Untuk melindungi dari pengeringan dan pengelupasan kulit, pelembab khusus digunakan, dan Anda juga perlu terus-menerus membuat masker pelembab, mereka akan membantu memberikan epidermis dengan jumlah cairan yang diperlukan. Untuk kulit kering, ada baiknya menggunakan krim pemulih, yang disarankan oleh dokter kulit. Krim semacam itu mengandung vitamin kompleks yang diperlukan. Sangat tidak diinginkan untuk menggunakan obat-obatan yang mengandung kortison dan hidrokortison, fitoestrogen dan analognya..

Penting adalah ketaatan yang benar dari rejimen hari itu. Tidur yang baik dan lengkap akan mendukung kelembaban kulit tidak lebih buruk dari kosmetik. Dianjurkan juga untuk meninggalkan penggunaan obat secara independen, dan minum obat hanya dengan ketat seperti yang diarahkan oleh dokter.

Ketika dokter datang untuk menyelamatkan?

Ada beberapa situasi selama kehamilan di mana perhatian medis mungkin diperlukan. Perlu diketahui, karena dapat berguna dan berguna, dan pada saat yang paling tak terduga.

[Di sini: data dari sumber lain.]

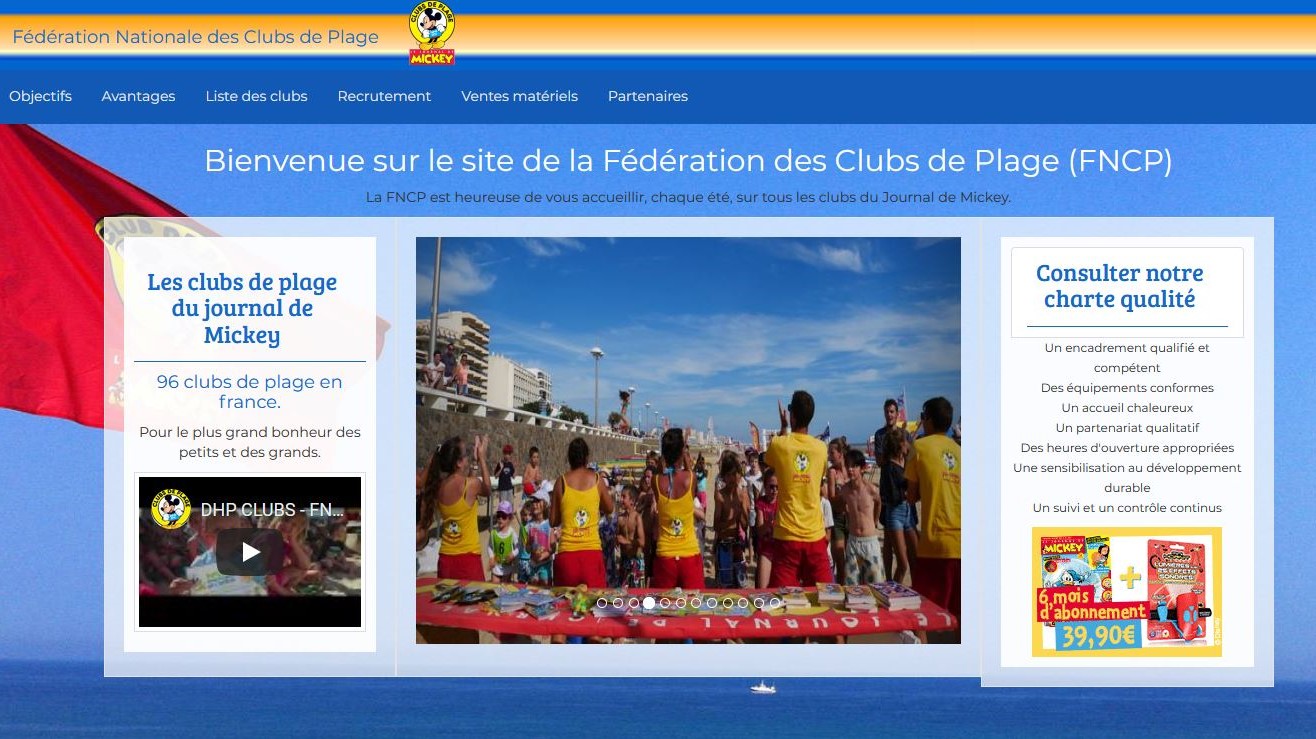 FNCP (fédération nationale des clubs de plage)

Gatal kulit yang parah bisa menjadi tanda penyakit hati yang serius - penyakit intrahepatik ibu hamil (HCB), terutama jika gatal muncul pada trimester ketiga. Tanda-tanda penyakit akan menguning pada kulit, mual, muntah, kelelahan, kehilangan nafsu makan. Penyakit ini akan lewat setelah melahirkan, tetapi bisa membahayakan bayi.

Dalam kasus penggelapan kulit, pelanggaran pigmentasi, disertai dengan rasa sakit, kepekaan yang kuat terhadap rangsangan eksternal, kemerahan, jika ada perubahan warna, ukuran dan bentuk bintik-bintik penuaan, lebih baik segera mencari pertolongan medis..

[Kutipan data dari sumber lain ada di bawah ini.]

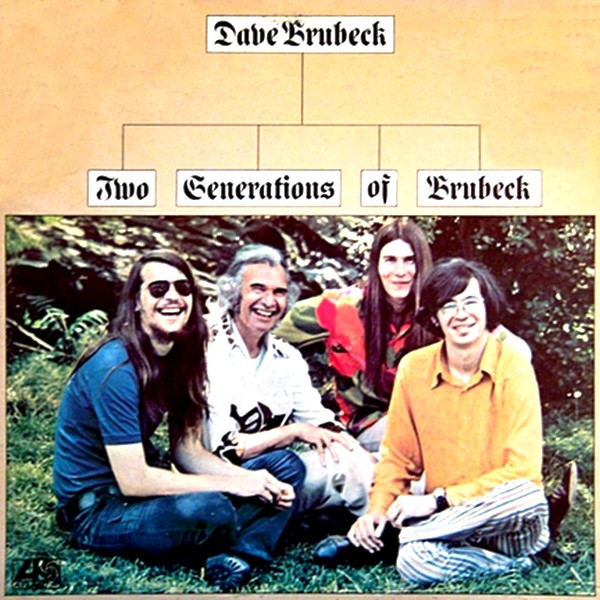 Dave Brubeck - Two Generations Of Brubeck | Atlantic (SD 1645)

Hanya dia yang bisa menentukan penyebab sebenarnya dan menentukan cara untuk mengatasinya. Tidak perlu berpikir bahwa segala sesuatu akan berlalu dengan sendirinya, mungkin, manifestasi seperti itu terhubung dengan sesuatu yang dapat membahayakan, dan oleh karena itu, tidak diperlukan inisiatif..

Pembengkakan yang kuat pada kelopak mata, disertai dengan peningkatan besar berat hingga 3 kg, akan berarti bahwa banyak cairan menumpuk di dalam tubuh. Ini menunjukkan adanya komplikasi kehamilan terkait dengan peningkatan tekanan darah dan tanda preeklampsia..

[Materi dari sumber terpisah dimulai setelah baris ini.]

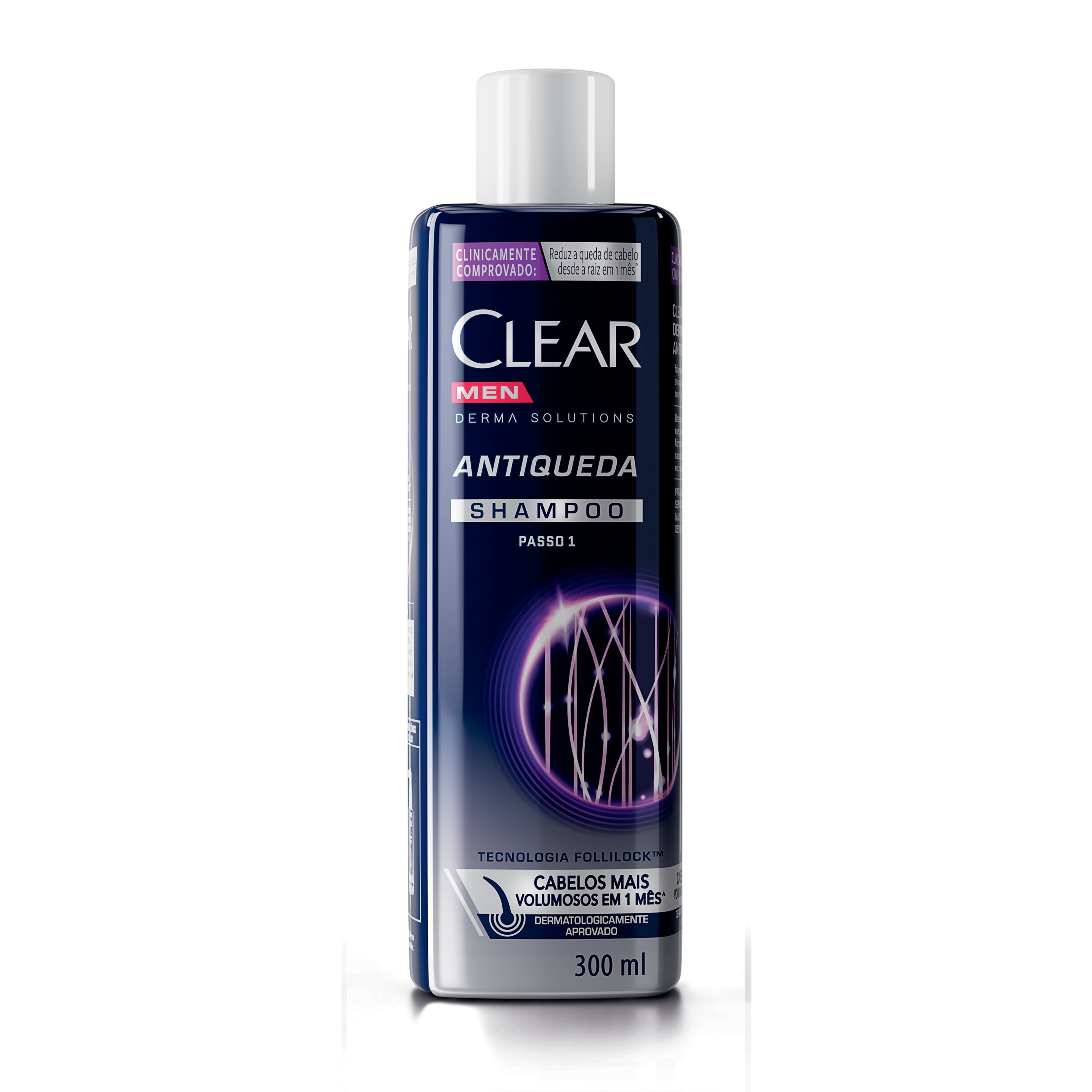 SHAMPOO CLEAR ANTIQUEDA MEN 300ML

Selama 40 minggu, moto utamanya adalah: "yang terbaik terbukti." Gunakan layanan hanya dari spesialis berkualifikasi terbaik dan tepercaya - kosmetologis. Bahkan luka terkecil dapat menyebabkan konsekuensi yang tidak diinginkan, baik untuk ibu maupun anak yang belum lahir. Sembilan dari sepuluh ibu hamil mengalami perubahan tidak nyaman pada kondisi kulit mereka.

Kebutuhan untuk mengamati rutinitas harian yang benar, udara segar, tidur yang sehat, akan membantu mengatasi sensasi tidak menyenangkan selama perubahan dalam tubuh. Kita tidak boleh melupakan perhatian terus-menerus pada wanita itu, keinginan untuk membuatnya menyenangkan, pengingat bahwa dia adalah yang paling cantik dan dicintai akan membantunya mengatasi semua masalah.

Selamat hamil dan persalinan yang sukses!

Kemerahan dan gatal-gatal selama kehamilan akan berlalu dengan cepat jika wanita itu sendiri dapat dengan tepat mengatur metode untuk mengatasi masalah seperti itu. Dan bagaimana melakukan ini, sudah dikenal.